Pourquoi l’année 1954 est une frontière pour le carbone 14 ? Les bombes atomiques et les essais nucléaires atmosphériques ont artificiellement fait augmenter la quantité de carbone 14 dans l’air. Les laboratoires CIRAM vous expliquent l’intérêt de ce changement.

Dès la fin des années 40, des chercheurs américains ont commencé à utiliser les propriétés de la radioactivité naturelle du carbone 14 pour dater les matières organiques. Dans les années 50, le prix Nobel de chimie Williard Franck Libby a daté des échantillons égyptiens avec succès.

Aujourd’hui, la datation carbone 14 (appelé aussi radiocarbone) détermine le temps écoulé depuis la mort d’un organisme vivant. Cette méthode a révolutionné l’archéométrie grâce à sa faculté à dater le bois, l’ivoire, les os, les dents, le lin, la paille et toutes autres matières organiques.

Le principe de la datation carbone 14 

Le carbone 14 est un isotope radioactif du carbone qui disparaît au cours du temps, cette méthode se base donc sur la mesure de cette quantité de carbone 14 présente dans l’organisme.

Un organisme vivant contient une quantité constante de carbone 14. À sa mort, les échanges avec l’extérieur cessent et la quantité de carbone 14 diminue selon une loi exponentielle connue. On sait que la concentration de carbone 14 est divisée par deux tous les 5730ans. La datation se base donc sur la mesure du rapport C14 sur le carbone total. Il est possible de dater des organismes jusqu’à 60 000ans après leur mort, au-delà, la quantité de carbone 14 sera trop faible pour être mesuré.

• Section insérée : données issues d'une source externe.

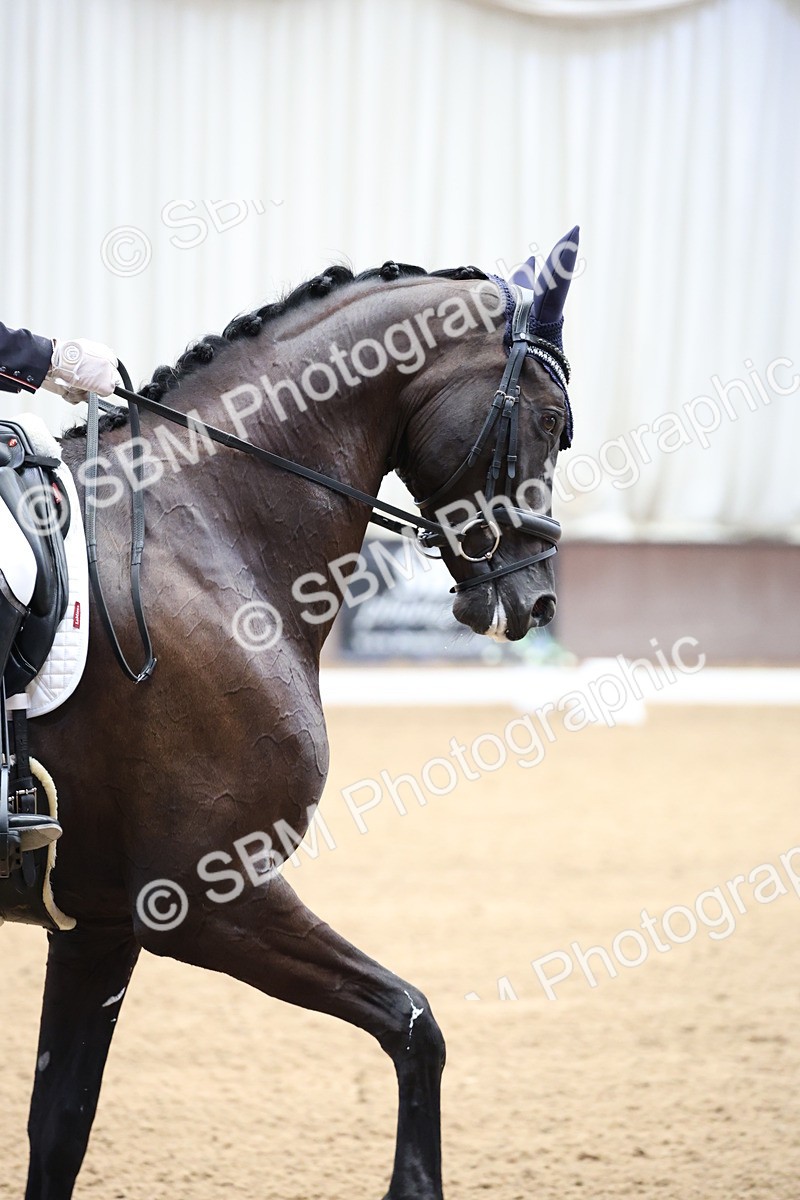 SBM_004484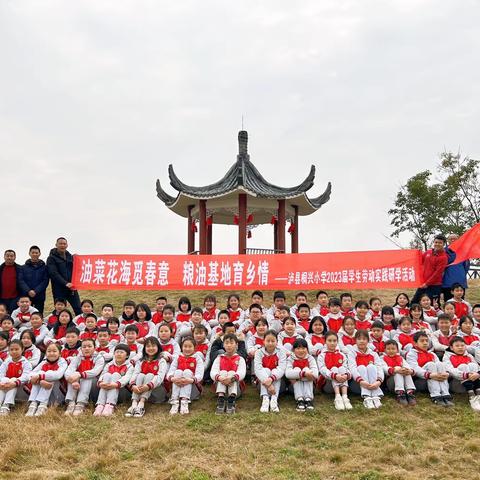 油菜花海觅春意，粮油基地育乡情——泸县桐兴小学2023届学生劳动研学实践活动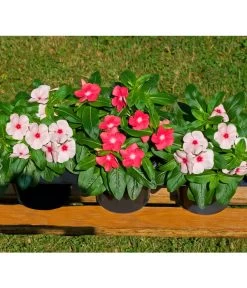 Catharanthe, Verschiedene Sorten -Outdoor Living Verkauf 8821837 BildFS 001 RosafarbenesZimmerimmergruenCatharanthusT12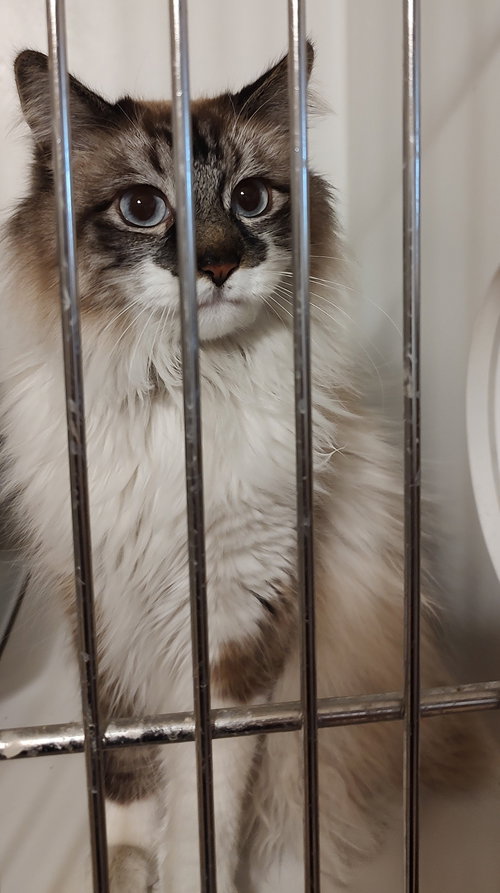 Jinx, an adoptable Manx in No Physical Shelter, AZ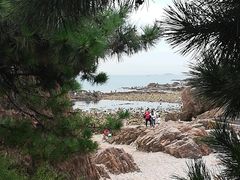 -青岛第二海水浴场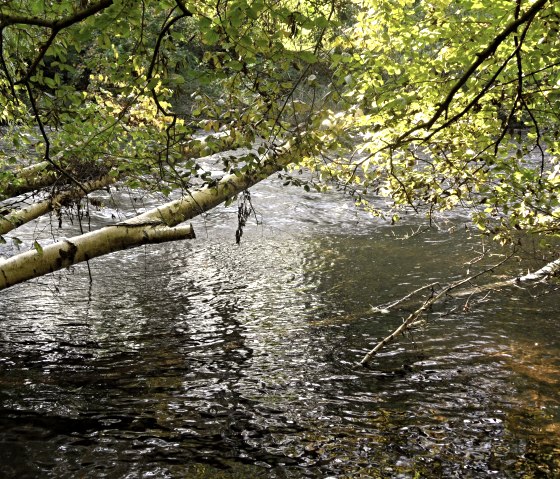 La Roer passe aussi par là, © Karl-Heinz Rosenzweig, Der-eifelyeti.de, © Der-eifelyeti.de La Roer passe aussi par là, © Karl-Heinz Rosenzweig, Der-eifelyeti.de, © Der-eifelyeti.de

La mesure est effectuée par spectrométrie de masse couplée à un accélérateur de particules (AMS). Cette technique ne nécessite que très peu de matière (0,01g environ contre 1g auparavant), peu de temps d’analyse (moins d’une heure contre plusieurs semaines auparavant) et apporta des mesures plus précises qu’autrefois.

La calibration des résultats 

La quantité de carbone 14 restant dans un matériau est proportionnelle à son âge. L’âge radiocarbone est exprimé en années BP (before present). Ce que l’on appelle « présent du carbone 14 » a été fixé par Libby en 1950 et l’âge radiocarbone est calculé en supposant que la concentration de C14 a été constante dans le temps, ce qui n’est pas le cas. 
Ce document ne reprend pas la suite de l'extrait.